Segundo ele, o BC está alheio a opinião dominante no governo, não se importa com o ritmo comportado da inflação, sente-se livre dos princípios que regem a lógica e despreza as considerações críticas do setor produtivo. "A verdade é que se torna difícil classificar essa atitude: será independência ou soberba?", pergunta Skaf.

Armando Monteiro Neto, presidente da Confederação Nacional da Indústria (CNI), diz que a indústria se frustrou mais uma vez . Segundo ele, a expectativa era de corte superior a um ponto porcentual. "Há espaço para um corte maior.
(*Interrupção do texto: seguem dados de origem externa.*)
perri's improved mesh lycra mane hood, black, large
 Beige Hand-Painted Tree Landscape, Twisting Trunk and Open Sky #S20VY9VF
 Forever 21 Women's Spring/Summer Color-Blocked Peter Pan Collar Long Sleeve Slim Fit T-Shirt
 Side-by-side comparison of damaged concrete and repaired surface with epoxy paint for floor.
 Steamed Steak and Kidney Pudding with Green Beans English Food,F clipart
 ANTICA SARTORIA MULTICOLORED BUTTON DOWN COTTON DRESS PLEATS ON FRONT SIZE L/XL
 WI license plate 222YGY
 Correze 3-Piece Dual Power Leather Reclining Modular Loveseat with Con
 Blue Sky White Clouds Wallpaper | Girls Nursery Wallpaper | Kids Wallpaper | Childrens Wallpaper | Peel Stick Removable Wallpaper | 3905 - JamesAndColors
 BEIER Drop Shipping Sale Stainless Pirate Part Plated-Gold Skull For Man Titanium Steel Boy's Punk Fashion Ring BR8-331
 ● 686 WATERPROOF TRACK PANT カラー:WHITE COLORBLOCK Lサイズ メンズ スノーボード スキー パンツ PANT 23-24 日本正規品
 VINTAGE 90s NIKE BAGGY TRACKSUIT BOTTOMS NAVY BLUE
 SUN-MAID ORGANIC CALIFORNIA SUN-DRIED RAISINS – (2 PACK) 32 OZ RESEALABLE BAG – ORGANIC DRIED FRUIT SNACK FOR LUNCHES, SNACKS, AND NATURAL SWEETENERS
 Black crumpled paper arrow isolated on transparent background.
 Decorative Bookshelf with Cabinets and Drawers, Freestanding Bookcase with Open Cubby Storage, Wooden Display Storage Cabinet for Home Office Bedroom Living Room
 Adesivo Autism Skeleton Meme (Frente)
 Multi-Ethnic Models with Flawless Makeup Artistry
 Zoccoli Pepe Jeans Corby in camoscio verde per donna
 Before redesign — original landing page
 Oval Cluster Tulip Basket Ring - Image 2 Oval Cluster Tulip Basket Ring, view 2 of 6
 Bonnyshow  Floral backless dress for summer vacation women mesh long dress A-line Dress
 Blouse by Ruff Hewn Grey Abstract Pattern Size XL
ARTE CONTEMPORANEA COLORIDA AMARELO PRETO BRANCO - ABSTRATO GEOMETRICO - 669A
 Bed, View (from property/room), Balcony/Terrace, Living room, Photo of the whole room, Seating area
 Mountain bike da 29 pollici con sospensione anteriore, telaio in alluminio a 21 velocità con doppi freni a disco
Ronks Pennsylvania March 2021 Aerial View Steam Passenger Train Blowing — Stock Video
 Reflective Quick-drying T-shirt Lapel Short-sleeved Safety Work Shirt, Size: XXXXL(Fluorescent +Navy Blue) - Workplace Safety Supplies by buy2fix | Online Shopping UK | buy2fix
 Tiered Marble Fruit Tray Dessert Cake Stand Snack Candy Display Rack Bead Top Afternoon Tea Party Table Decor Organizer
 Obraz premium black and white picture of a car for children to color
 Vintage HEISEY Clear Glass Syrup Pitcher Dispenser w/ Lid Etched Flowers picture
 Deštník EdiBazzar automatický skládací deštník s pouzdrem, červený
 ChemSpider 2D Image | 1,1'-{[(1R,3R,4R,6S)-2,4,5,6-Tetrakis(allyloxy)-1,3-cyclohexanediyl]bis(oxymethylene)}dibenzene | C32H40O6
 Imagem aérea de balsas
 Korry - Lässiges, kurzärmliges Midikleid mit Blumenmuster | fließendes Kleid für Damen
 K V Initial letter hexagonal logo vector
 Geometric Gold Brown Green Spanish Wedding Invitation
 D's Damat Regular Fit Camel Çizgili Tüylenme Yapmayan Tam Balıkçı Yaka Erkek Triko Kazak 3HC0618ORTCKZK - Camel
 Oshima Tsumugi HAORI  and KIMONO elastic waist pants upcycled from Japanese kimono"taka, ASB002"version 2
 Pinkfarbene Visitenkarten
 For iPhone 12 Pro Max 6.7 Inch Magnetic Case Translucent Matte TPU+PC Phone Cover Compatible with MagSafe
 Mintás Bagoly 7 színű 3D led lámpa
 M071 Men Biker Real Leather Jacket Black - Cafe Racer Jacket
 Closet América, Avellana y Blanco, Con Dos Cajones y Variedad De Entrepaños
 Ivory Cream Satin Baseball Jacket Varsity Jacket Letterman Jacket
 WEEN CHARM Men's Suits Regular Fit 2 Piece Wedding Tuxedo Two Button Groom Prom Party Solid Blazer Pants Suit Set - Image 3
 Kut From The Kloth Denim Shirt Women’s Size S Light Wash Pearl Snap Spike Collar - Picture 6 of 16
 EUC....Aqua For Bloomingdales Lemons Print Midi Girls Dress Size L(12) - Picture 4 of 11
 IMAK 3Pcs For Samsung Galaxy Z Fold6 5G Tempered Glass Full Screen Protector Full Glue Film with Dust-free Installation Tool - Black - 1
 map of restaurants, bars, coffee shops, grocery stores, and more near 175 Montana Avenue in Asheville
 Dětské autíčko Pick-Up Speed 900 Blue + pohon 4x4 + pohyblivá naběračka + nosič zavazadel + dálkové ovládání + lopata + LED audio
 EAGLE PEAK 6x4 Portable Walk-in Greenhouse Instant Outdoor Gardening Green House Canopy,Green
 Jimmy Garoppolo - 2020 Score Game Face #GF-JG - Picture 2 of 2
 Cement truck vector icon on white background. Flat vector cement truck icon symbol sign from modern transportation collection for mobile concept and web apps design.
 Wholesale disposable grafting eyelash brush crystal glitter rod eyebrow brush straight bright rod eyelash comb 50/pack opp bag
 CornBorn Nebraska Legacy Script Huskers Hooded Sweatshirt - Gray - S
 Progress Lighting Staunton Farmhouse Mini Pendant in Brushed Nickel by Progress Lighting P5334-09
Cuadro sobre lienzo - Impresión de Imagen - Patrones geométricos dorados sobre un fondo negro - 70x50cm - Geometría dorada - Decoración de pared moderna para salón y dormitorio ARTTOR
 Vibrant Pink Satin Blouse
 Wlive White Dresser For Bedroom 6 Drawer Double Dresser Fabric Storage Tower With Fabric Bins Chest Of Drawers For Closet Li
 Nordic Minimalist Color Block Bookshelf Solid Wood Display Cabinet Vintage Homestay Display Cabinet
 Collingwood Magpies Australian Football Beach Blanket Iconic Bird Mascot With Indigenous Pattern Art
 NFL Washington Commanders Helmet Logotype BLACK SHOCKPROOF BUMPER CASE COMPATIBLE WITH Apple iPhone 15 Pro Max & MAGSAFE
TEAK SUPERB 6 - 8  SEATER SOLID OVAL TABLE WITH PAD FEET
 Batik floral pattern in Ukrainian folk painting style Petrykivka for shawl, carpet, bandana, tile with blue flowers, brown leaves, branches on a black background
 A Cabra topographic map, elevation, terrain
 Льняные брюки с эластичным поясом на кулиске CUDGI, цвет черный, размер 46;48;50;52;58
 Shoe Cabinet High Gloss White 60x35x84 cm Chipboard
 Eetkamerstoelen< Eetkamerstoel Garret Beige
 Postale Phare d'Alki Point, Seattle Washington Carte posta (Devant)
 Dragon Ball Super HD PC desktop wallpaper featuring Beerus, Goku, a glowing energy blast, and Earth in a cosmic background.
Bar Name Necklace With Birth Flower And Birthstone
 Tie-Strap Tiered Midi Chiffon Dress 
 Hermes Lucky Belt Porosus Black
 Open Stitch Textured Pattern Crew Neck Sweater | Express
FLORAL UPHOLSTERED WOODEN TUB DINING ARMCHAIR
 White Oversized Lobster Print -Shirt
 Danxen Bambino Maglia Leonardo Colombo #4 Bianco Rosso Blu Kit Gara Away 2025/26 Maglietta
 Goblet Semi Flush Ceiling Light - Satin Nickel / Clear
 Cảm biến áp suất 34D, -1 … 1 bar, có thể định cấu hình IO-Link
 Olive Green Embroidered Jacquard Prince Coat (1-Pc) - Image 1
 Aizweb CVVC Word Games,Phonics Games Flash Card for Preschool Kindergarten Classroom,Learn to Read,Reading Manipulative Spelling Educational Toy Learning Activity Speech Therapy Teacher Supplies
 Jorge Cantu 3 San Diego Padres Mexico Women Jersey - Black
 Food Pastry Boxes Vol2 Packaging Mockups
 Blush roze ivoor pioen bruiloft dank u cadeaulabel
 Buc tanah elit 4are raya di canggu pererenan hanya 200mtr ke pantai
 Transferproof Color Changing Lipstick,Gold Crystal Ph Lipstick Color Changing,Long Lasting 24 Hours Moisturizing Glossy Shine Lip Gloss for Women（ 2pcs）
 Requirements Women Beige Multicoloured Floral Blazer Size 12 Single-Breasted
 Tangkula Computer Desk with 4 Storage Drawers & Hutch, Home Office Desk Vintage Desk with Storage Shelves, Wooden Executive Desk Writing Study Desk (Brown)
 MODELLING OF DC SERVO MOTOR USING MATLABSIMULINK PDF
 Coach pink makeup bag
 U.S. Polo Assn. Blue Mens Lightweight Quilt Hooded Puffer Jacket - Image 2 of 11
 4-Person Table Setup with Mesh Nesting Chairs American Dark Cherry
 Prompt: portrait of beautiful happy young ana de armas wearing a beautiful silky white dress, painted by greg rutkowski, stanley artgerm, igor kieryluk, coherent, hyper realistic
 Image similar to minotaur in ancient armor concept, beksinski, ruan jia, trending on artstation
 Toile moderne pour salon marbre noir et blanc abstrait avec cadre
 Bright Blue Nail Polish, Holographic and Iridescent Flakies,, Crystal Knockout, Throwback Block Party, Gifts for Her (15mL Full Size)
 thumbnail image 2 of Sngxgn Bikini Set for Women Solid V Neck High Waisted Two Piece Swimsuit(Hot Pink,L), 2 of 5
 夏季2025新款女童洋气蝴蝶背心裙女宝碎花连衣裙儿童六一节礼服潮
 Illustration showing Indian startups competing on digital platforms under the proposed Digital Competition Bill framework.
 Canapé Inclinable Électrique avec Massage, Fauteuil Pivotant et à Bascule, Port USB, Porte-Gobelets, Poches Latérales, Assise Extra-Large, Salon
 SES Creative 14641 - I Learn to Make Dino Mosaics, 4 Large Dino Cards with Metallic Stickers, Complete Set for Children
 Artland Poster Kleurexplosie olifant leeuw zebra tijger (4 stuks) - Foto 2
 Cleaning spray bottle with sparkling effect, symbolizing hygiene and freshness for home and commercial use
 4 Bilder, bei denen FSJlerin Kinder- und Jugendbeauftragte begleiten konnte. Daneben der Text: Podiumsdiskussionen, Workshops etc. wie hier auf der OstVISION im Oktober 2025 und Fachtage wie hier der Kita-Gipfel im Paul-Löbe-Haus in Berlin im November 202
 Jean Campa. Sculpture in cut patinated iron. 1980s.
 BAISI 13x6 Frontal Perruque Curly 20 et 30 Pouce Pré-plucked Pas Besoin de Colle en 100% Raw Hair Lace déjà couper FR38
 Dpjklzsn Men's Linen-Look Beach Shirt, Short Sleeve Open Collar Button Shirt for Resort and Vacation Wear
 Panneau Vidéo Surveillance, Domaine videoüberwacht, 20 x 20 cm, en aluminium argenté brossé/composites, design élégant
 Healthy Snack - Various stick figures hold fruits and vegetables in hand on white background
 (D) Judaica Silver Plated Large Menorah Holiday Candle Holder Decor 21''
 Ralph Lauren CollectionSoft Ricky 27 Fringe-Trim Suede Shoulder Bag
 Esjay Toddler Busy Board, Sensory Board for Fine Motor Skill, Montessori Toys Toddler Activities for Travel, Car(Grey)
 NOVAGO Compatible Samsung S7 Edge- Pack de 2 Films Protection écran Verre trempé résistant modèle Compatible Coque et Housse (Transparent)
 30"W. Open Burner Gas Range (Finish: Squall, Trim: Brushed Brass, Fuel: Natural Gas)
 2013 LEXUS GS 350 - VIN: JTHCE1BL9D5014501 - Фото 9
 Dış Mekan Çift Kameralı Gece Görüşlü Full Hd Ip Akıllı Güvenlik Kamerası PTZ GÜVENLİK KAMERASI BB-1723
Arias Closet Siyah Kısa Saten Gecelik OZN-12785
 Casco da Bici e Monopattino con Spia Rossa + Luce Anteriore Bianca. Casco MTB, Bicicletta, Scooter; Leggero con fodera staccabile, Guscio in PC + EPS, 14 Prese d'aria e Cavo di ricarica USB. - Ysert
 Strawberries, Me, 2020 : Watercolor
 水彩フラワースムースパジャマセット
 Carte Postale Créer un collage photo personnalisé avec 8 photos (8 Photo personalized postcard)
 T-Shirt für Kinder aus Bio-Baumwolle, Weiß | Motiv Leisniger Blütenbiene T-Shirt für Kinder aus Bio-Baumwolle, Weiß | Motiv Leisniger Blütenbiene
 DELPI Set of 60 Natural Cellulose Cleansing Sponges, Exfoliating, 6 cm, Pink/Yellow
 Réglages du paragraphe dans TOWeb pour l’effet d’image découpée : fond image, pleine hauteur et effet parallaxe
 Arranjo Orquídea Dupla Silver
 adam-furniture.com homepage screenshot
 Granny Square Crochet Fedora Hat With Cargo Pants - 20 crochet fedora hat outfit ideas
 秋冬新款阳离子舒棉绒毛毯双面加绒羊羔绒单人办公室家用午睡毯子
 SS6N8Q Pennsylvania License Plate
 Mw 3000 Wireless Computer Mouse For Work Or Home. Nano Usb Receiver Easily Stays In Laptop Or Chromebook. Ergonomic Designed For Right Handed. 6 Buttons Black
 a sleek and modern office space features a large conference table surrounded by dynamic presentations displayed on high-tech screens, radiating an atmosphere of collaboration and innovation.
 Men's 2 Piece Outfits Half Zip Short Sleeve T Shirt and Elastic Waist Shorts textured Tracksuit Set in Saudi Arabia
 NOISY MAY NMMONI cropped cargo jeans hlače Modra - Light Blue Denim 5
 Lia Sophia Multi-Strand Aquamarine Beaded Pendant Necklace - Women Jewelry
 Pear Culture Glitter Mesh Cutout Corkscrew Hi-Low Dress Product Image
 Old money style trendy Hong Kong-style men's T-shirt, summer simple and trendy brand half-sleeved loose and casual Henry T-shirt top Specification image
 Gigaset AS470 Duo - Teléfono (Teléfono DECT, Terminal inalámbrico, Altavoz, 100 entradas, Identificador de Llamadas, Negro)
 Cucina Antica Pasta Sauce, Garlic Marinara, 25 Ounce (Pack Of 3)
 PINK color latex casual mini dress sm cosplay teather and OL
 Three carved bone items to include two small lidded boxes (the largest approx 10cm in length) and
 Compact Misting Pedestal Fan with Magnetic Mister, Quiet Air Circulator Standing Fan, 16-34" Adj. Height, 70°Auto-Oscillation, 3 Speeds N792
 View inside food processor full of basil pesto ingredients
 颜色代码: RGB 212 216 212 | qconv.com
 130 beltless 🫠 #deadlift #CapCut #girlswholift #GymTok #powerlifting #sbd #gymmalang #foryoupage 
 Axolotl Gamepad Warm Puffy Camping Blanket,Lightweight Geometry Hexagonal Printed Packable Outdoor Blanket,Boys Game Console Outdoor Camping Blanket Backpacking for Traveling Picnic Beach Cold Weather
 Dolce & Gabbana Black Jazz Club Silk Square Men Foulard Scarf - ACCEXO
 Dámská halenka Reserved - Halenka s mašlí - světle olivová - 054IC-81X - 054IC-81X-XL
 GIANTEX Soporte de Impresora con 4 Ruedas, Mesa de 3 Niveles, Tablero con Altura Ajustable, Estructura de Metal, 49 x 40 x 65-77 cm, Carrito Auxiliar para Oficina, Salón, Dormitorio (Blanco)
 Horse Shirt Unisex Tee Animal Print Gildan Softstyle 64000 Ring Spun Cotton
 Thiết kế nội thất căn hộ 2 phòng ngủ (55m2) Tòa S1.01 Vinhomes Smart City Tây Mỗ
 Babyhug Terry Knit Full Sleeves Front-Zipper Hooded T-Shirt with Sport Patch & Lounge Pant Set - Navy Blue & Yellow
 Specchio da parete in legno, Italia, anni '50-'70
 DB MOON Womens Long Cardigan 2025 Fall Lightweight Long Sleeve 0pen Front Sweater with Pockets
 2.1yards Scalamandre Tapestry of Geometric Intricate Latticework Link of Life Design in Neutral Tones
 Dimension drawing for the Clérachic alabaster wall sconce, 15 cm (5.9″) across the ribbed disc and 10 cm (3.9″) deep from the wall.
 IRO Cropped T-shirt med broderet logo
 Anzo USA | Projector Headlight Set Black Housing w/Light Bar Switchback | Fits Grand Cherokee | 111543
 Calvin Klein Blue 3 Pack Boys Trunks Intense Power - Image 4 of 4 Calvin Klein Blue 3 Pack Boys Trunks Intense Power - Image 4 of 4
Eu reduziria em 1,5 ponto porcentual, mas o Banco Central vem se mostrando, mais uma vez, extremamente conservador".

Para Monteiro Neto, a atual situação da economia não justifica a manutenção de juros reais básicos tão elevados, acima de 11% ao ano. Ele argumenta que o risco país vem recuando expressivamente, as pressões inflacionárias estão sob controle e a atividade econômica apenas esboça reação.

"A decisão emite sinais preocupantes sobre a trajetória futura dos juros, com impacto negativo sobre a confiança dos agentes e as decisões de investimento das empresas", diz.

De acordo com Newton de Mello, presidente da Associação Brasileira da Indústria de Máquinas e Equipamentos (Abimaq), o corte foi "medíocre" e o nível elevado dos juros continuará a pressionar o câmbio, que tira competitividade do produto brasileiro no exterior, além de estimular a substituição de produtos nacionais por importados. "A queda foi medíocre e não terá qualquer impacto positivo no setor produtivo."

Já Boris Tabacof, diretor do Departamento de Economia do Centro das Indústrias do Estado de São Paulo (Ciesp), afirma que o setor produtivo mantém a esperança de que o País alcançará uma taxa real de juros civilizada até o fim do ano. "A redução da Selic, embora tímida, amplia a convicção de um cenário favorável ao investimento e às decisões de negócios, principalmente no segundo semestre de 2006, o que será importante para definir de que maneira o País caminhará em 2007".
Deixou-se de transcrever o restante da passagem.